→ Work request:
Starting at the line with "Canvas Wall Art, Gallery", return every line through the final one of the data, word for word. Pictures stay out.

→ Supplied entries:
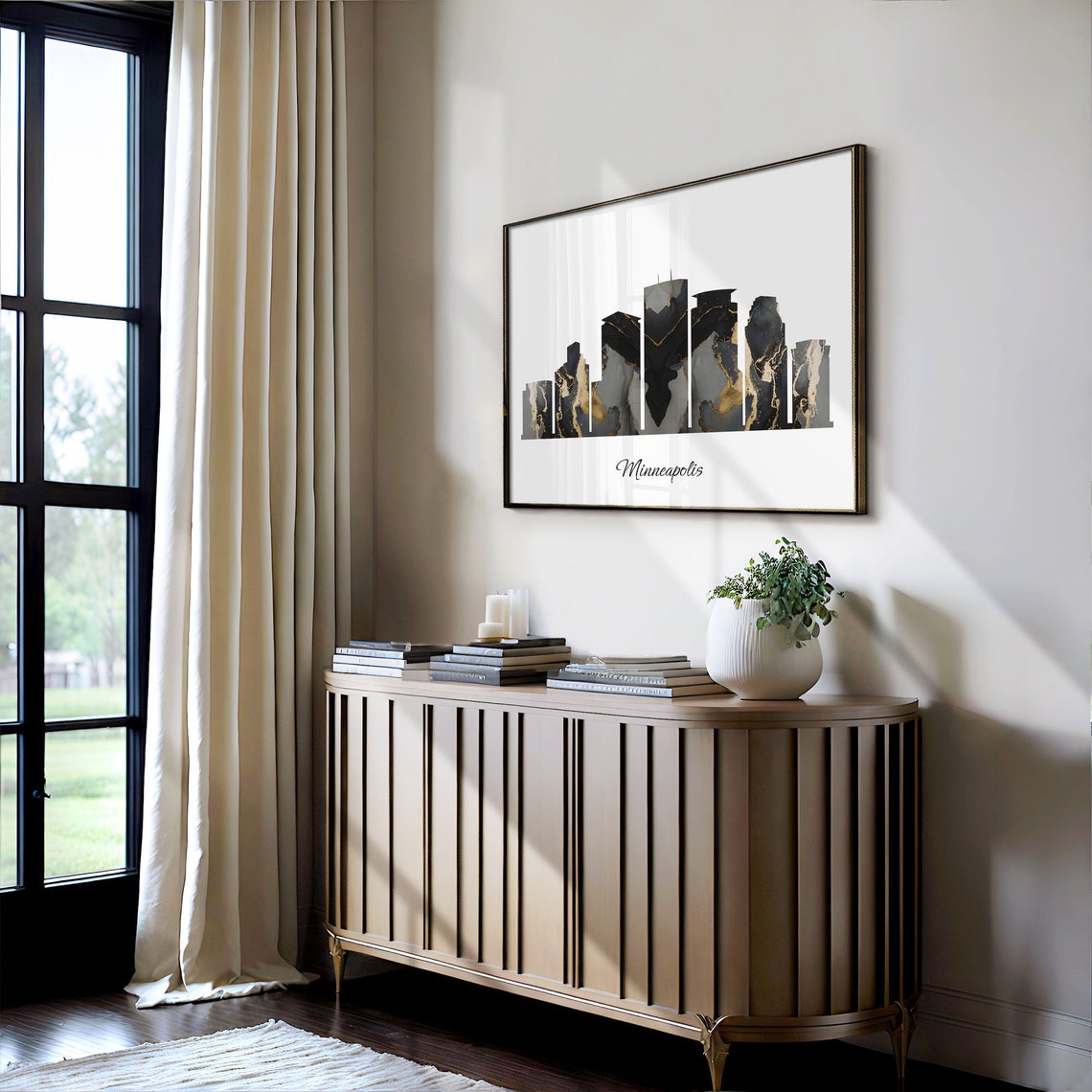 Minneapolis USA Marble Skyline Black Gold Minimalist Cityscape Poster - Image 4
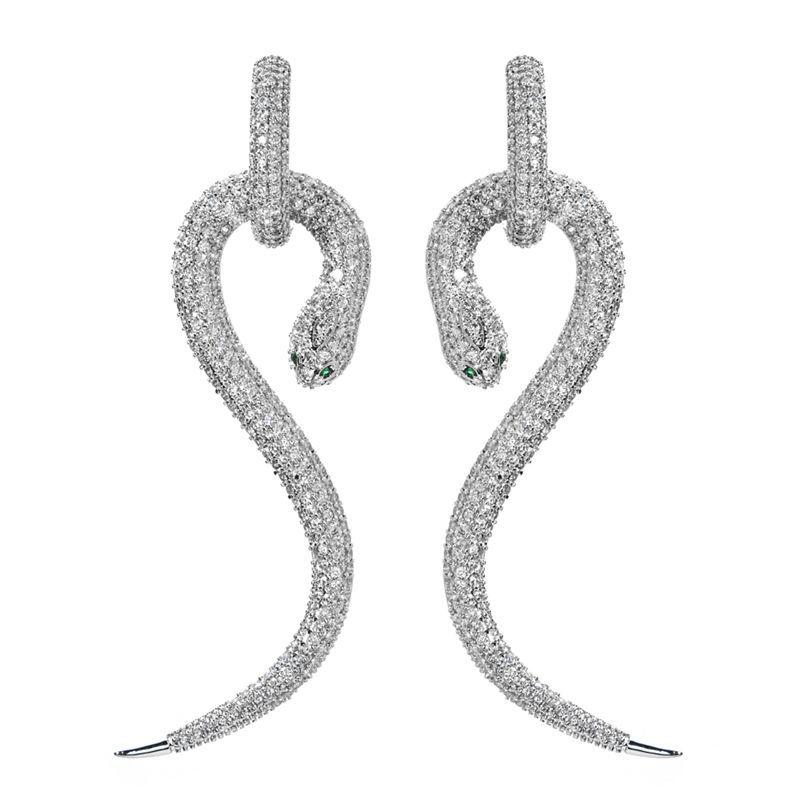 

Серьги-пусеты в европейском и американском стиле из серебра 925 пробы в форме змеи с цирконами зелёный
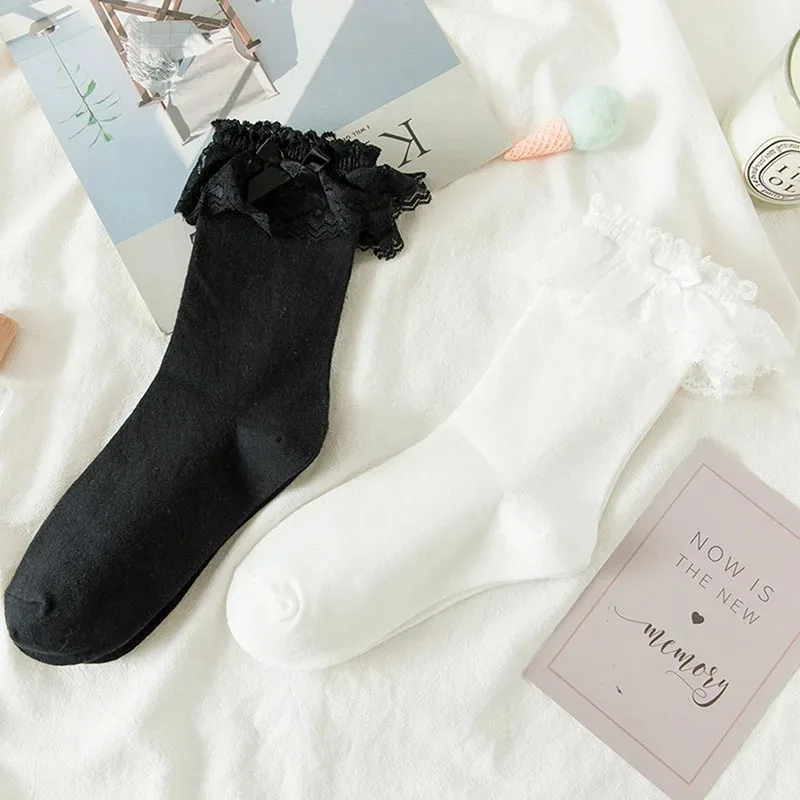 White Socks Women Summer Mid Sleeve JK Uniform Socks Japanese Cute Lolita Fashion High Quality Solid Color Sweet Lace Socks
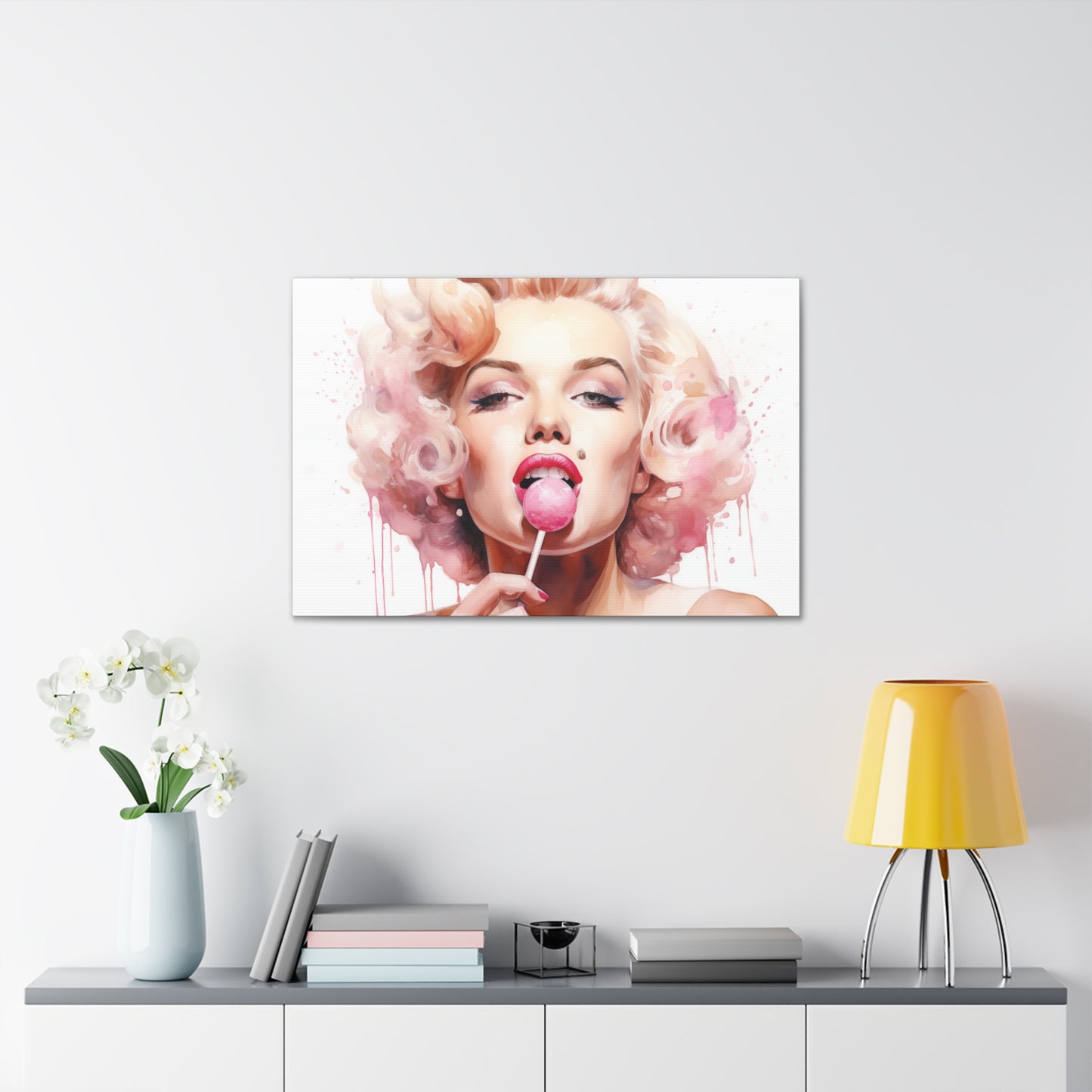 Canvas Wall Art, Gallery Wrapped Pop Art, Celebrity Wall Art – Marilyn Monroe - Lollipop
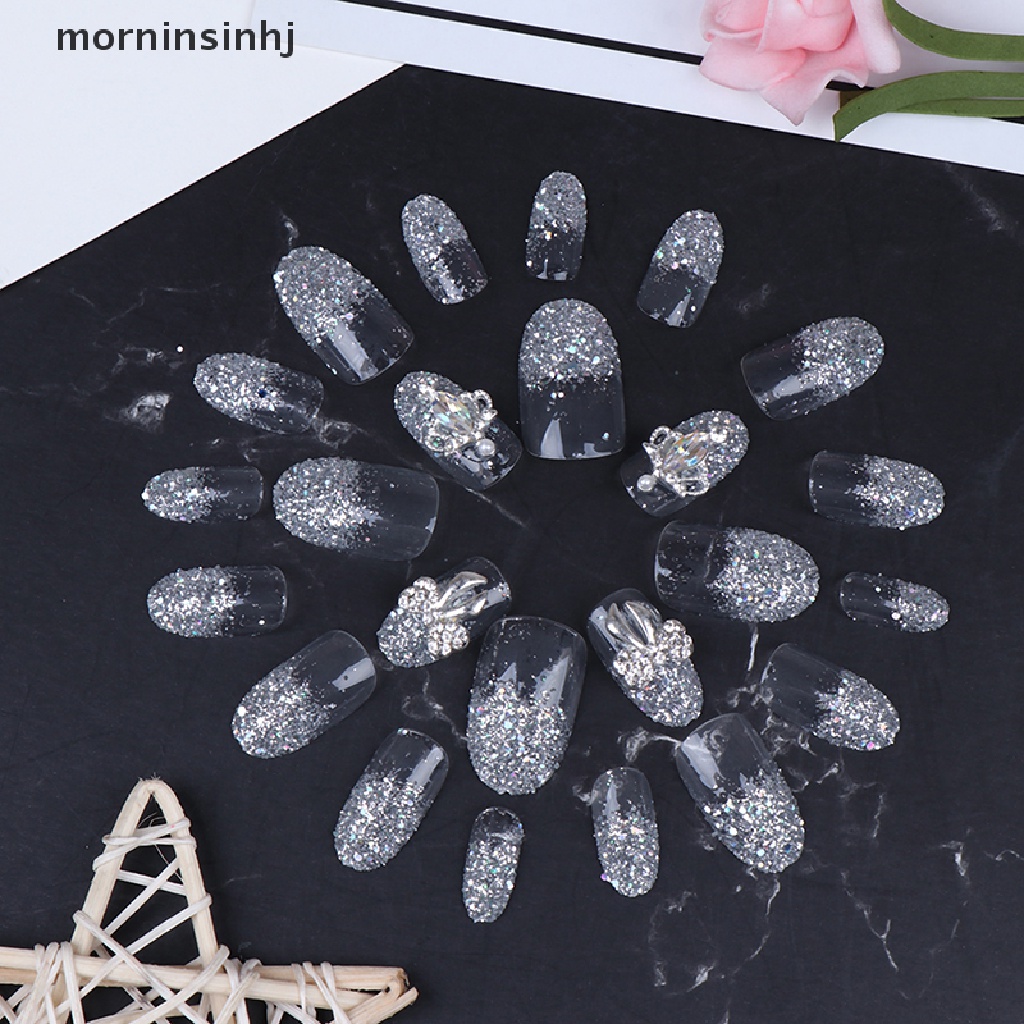 Mornin 24pcs Kuku Palsu Akrilik Full Cover Untuk Nail Art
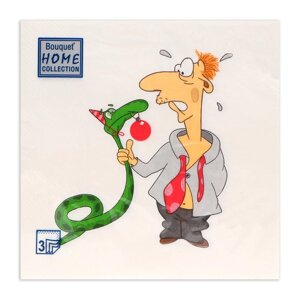 Новогодние салфетки бумажные Home Collection Сlassic «Пришел год змеи», 3 слоя, 33х33 см, 20 шт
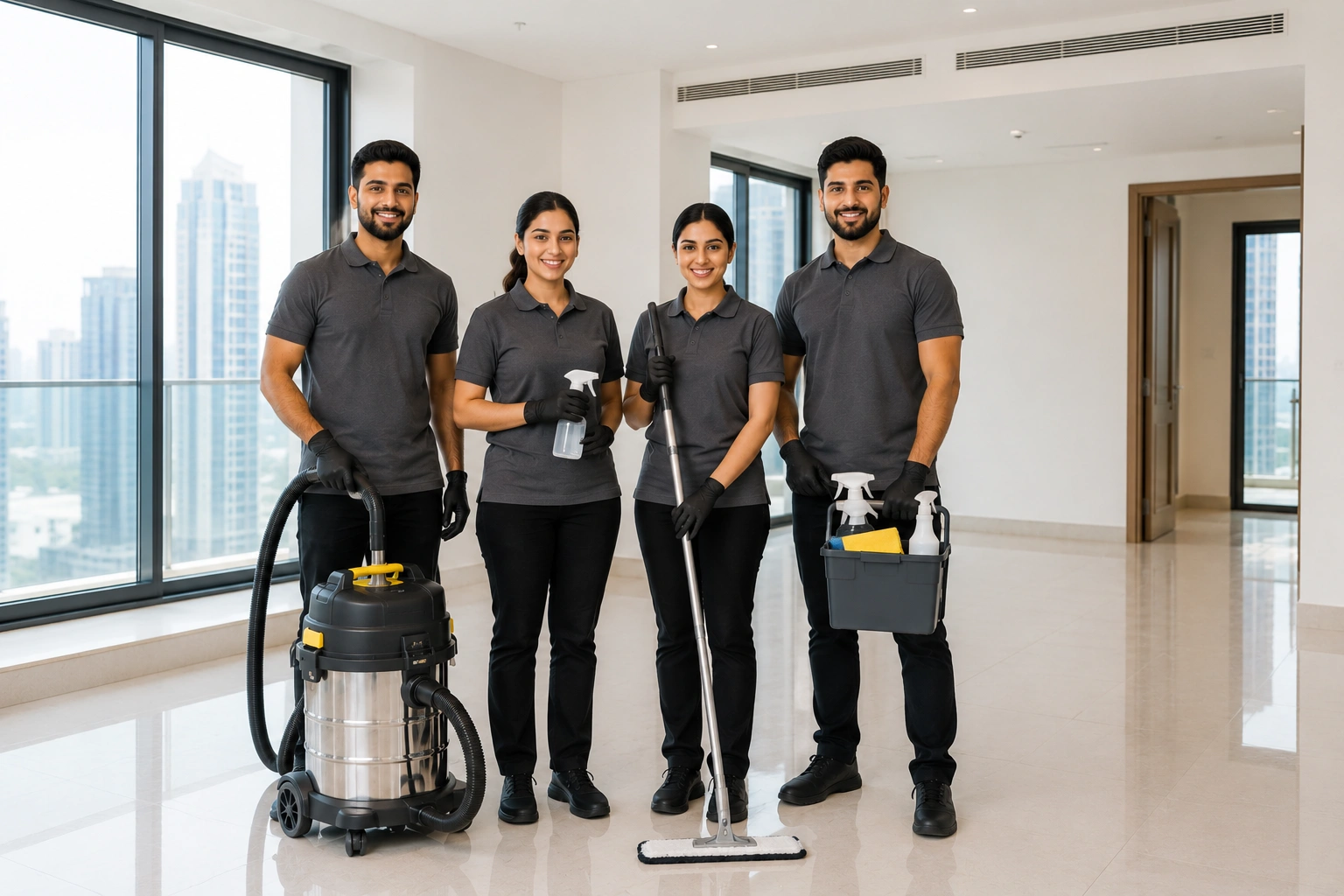 cleaning team standing inside a perfectly cleaned empty apartment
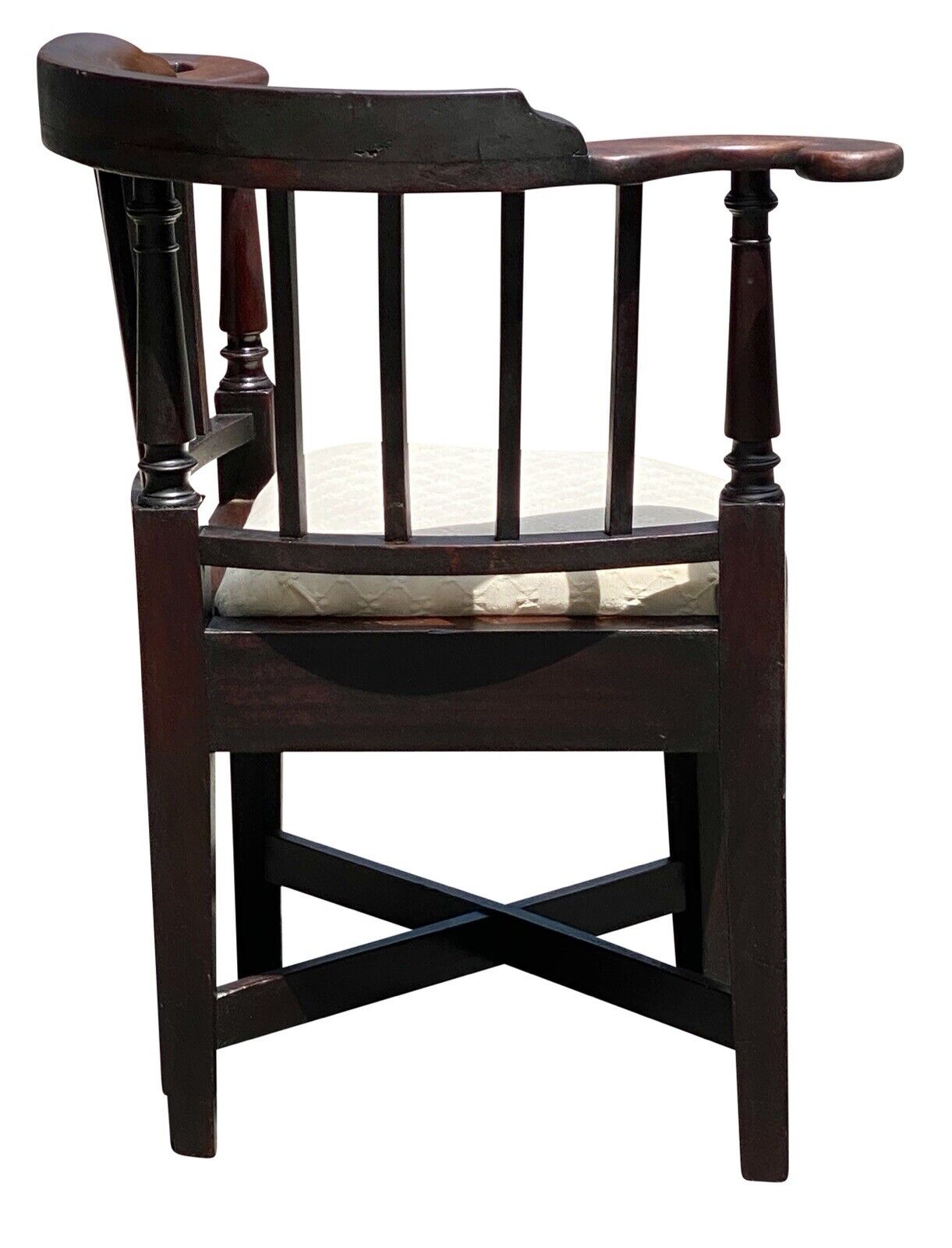 18th C Antique Queen Anne Boston Mahogany Corner Chair / Roundabout Chair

→ Result below:
 Canvas Wall Art, Gallery Wrapped Pop Art, Celebrity Wall Art – Marilyn Monroe - Lollipop
 Mornin 24pcs Kuku Palsu Akrilik Full Cover Untuk Nail Art
 Новогодние салфетки бумажные Home Collection Сlassic «Пришел год змеи», 3 слоя, 33х33 см, 20 шт
 cleaning team standing inside a perfectly cleaned empty apartment
 18th C Antique Queen Anne Boston Mahogany Corner Chair / Roundabout Chair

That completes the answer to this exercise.